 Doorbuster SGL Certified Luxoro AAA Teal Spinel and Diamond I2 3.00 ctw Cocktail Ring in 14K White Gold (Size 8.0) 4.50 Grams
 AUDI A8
====================
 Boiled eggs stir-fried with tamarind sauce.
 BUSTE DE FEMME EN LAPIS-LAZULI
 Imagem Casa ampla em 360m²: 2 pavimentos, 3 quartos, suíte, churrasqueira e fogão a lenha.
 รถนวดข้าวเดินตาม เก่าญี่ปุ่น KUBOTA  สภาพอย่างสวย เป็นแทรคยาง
====================
Exercise aim: Working from the material above, restate word for word the lines between the line with "Boiled eggs stir-fried with tamarind sauce." and the line with "รถนวดข้าวเดินตาม เก่าญี่ปุ่น KUBOTA", both included, and only those.

Solution for this exercise:
 Boiled eggs stir-fried with tamarind sauce.
 BUSTE DE FEMME EN LAPIS-LAZULI
 Imagem Casa ampla em 360m²: 2 pavimentos, 3 quartos, suíte, churrasqueira e fogão a lenha.
 รถนวดข้าวเดินตาม เก่าญี่ปุ่น KUBOTA  สภาพอย่างสวย เป็นแทรคยาง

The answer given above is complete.